HABLAN LOS CENTENNIALS
Jonás Trueba ha trabado una relación «cinematográfica» con un grupo de adolescentes de un Instituto de Madrid, para recoger sus testimonios a lo largo de tres años. En la actualidad, cuando la película ha tocado a su fin, alguno de ellos acaba de entrar en la universidad, pero los más están terminando la ESO o ya cursando bachillerato.
El mismo cineasta reconoce que el «experimento» no tiene valor sociológico general, pues esos chavales se representan solo a sí mismos, no a la mayoría de su generación. Así pues, el valor de la película, más que en ofrecer un perfil de los «centennials», estriba en haber sido para esos chicos una escuela de prácticas de cine. Y hay que reconocer que han aprendido a desenvolverse muy bien ante la cámara.
Son adolescentes y se manifiestan como tales, es decir, con ansias de cambiar el mundo y, en general, sin madurez para poner orden en su propia vida cotidiana. Esa mezcla de ingenuidad e inseguridad, unida al deseo de probar cosas nuevas y a la falta de prudencia a la hora de tomar decisiones, todo ello tan propio de los años de la adolescencia, le proporciona a la película un halo de sinceridad y frescura que es su mejor cualidad.

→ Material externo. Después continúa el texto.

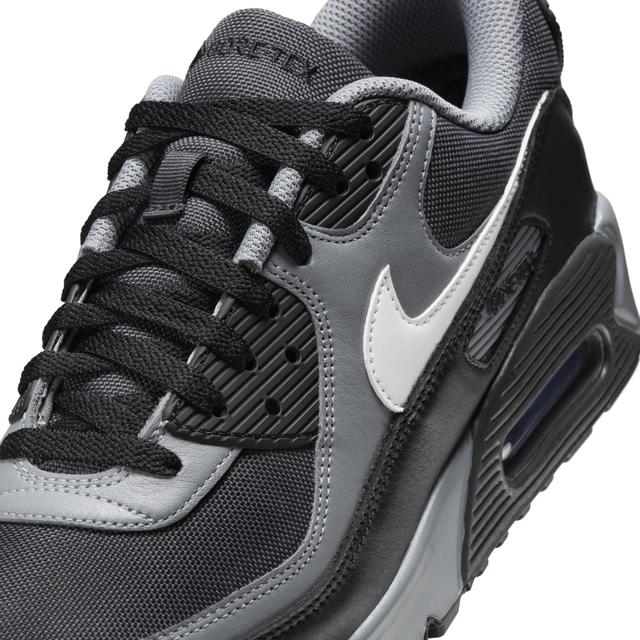 Nike Men's Air Max 90 GORE-TEX Shoes Product Image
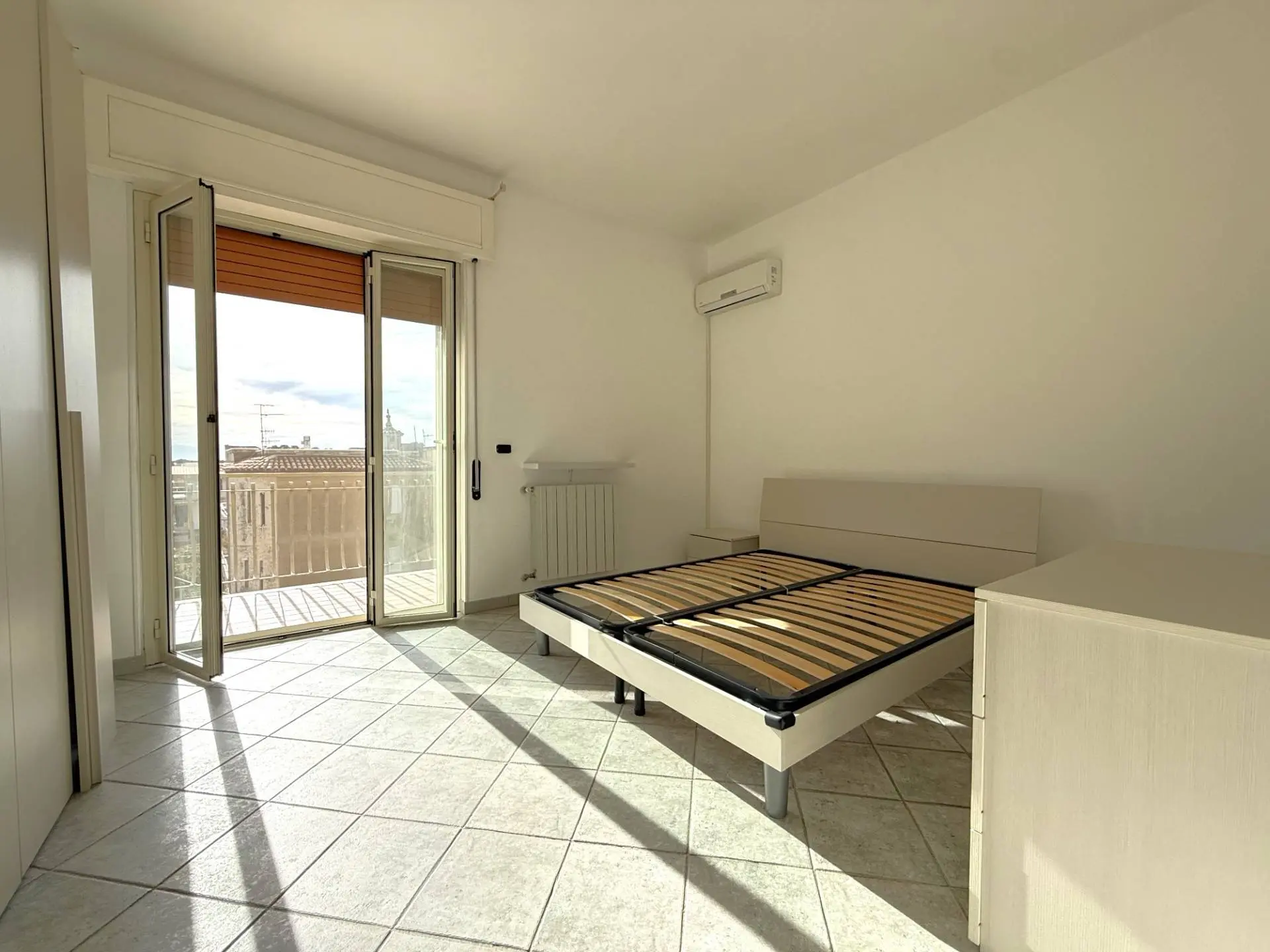 Immagine per Appartamento in affitto a Catanzaro via Pisacane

En algunos momentos, el film parece alejarse de lo estrictamente documental para introducir algún relato de ficción, pero en ningún caso se pierde el ritmo ni la continuidad, pues los chavales se manifiestan siempre con la misma desenvoltura y naturalidad.
Hay algún planteamiento muy interesante, como el de los «mediadores» en caso de conflicto. Los chicos no tienen la madurez suficiente para aportar soluciones, pero los mediadores sí son capaces de tomar una cierta distancia de la situación para verlo con más claridad y hacer todas las preguntas pertinentes para que los interesados acaben teniendo bajo la vista todos los elementos que intervienen, algunos de los cuales podían haberles pasado desapercibidos. Eso les permite plantear bien el problema, lo cual, en muchas ocasiones, es suficiente para encontrar la solución.
Pero otras cuestiones no están tan bien logradas, como el hecho de pensar que el mundo va a cambiar a mejor solo porque alguien proteste y se manifieste, sin implicarse a fondo con un compromiso vital serio.
Se echa de menos la presencia de adultos alrededor de esos chicos. No hay referentes éticos de ningún tipo. Es como si vivieran solos, sin apoyo familiar, abandonados a sí mismos. Sus profesores parecen ocuparse de su nivel de conocimientos, pero no de su formación humana. Y uno se pregunta quién los protege, quién los controla y, sobre todo, quién se preocupa de educarlos. En ese sentido, el panorama es desolador.
Es una película muy agradable de ver, con la que muchos jóvenes disfrutarán, sin duda. Pero tiene un serio inconveniente: un metraje de 2 horas y 40 minutos es una exageración. Trueba le ha introducido dos cortes de cinco minutos para que el espectador pueda descansar, pero aun y así, resulta desmesurada. Tal vez habría sido más sensato darle forma de serie. Saldrían cuatro capítulos largos, de hasta 40 minutos cada uno.